Google, Microsoft, Facebook and a slew of other companies continue to build algorithms that predict when, where and how consumers will make online purchases.
The most recent technology comes from Intent Lab, a research unit of Performics and the Northwestern University Medill School of Journalism. The joint venture teamed up with Microsoft to allow marketers to personalize campaigns on Bing Ads.
The Intent Lab, which focuses on ways to better understand human behavior, created an Intent Scoring Algorithm that helps to explain the abstract thinking of consumers as they move closer to making a purchase, conducted by analyzing the words in search queries and the context around them.
The algorithm also reveals that when advertising copy matches what the consumer thinks, the consumer is more likely to click on the ad. When consumers use abstract search terms like "how" or "what," or concrete terms like “best” or “top,” they are more likely to click on an ad written using similar abstract language.
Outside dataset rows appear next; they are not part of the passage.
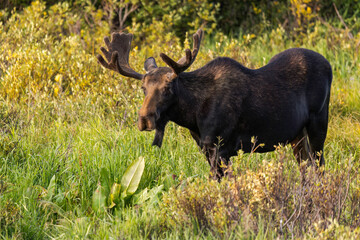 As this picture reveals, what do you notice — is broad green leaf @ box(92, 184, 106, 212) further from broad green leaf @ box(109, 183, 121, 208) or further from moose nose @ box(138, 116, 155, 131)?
moose nose @ box(138, 116, 155, 131)

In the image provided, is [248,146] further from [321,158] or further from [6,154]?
[6,154]

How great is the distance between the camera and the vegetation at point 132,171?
3857 mm

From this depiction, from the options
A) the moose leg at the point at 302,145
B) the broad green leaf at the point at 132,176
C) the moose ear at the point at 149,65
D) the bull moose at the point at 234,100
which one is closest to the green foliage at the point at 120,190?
the broad green leaf at the point at 132,176

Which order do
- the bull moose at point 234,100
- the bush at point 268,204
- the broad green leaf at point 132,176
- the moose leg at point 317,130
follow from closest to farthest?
the bush at point 268,204 < the bull moose at point 234,100 < the broad green leaf at point 132,176 < the moose leg at point 317,130

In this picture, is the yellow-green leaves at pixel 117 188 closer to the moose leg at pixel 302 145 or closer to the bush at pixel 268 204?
the bush at pixel 268 204

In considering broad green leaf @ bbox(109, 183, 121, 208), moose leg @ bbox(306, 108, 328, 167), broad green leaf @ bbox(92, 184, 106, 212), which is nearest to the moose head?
broad green leaf @ bbox(109, 183, 121, 208)

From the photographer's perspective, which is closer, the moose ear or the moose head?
the moose head

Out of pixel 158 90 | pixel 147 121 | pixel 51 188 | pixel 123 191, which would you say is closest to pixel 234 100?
pixel 158 90

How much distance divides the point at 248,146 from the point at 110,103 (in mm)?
2439

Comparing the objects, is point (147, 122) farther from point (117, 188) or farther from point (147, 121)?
point (117, 188)

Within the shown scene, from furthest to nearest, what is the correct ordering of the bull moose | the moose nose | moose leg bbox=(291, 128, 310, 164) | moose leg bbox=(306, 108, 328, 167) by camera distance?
moose leg bbox=(291, 128, 310, 164), moose leg bbox=(306, 108, 328, 167), the bull moose, the moose nose

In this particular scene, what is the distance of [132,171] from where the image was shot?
15.8ft

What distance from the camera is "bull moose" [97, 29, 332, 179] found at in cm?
457

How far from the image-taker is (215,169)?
435cm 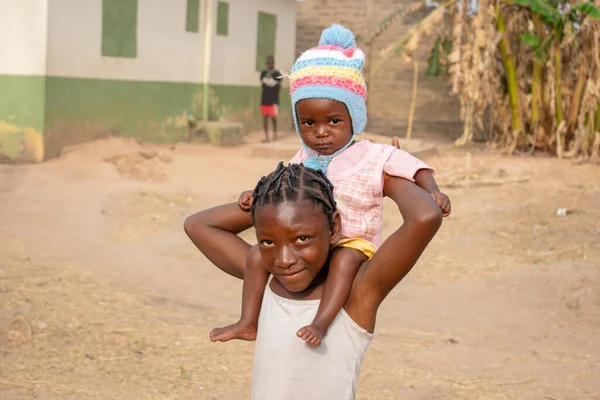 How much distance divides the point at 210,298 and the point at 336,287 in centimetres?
427

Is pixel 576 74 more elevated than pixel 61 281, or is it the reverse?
pixel 576 74

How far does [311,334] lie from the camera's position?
1.98m

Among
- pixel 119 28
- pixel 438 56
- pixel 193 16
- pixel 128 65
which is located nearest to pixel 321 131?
pixel 119 28

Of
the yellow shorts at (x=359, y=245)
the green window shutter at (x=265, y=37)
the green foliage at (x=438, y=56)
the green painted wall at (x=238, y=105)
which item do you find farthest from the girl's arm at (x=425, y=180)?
the green window shutter at (x=265, y=37)

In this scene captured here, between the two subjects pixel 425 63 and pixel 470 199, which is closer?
pixel 470 199

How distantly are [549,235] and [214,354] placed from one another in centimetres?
413

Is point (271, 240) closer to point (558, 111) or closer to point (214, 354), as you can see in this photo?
point (214, 354)

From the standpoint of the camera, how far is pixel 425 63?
674 inches

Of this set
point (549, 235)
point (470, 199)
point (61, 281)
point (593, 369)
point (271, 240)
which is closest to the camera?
point (271, 240)

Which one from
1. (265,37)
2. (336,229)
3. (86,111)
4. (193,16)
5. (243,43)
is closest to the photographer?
(336,229)

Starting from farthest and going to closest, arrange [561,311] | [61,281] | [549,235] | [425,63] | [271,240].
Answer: [425,63] < [549,235] < [61,281] < [561,311] < [271,240]

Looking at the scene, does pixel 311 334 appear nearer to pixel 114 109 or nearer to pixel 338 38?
pixel 338 38

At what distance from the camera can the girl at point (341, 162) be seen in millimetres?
2053

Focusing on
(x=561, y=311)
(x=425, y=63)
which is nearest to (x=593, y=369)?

Algorithms have been used to target search ads for years, but now they strongly recognize intent-based actions and keywords, allowing marketers to more accurately target advertisements.
In another example, Facebook submitted a patent with the U.S. Patent & Trademark Office in November that uses an algorithm to predict household demographics based on image data. The system predicts household features like size and demographic composition based on profile photos, which is quite scary.
“The online system applies one or more models trained using deep learning techniques to generate the predictions,” according to the patent.
An algorithm identifies each individual in the photo, as well as analyzing the text, to determine the relationship between the person or the people in the photo. It also analyzes the profile data and tags associated with the photos.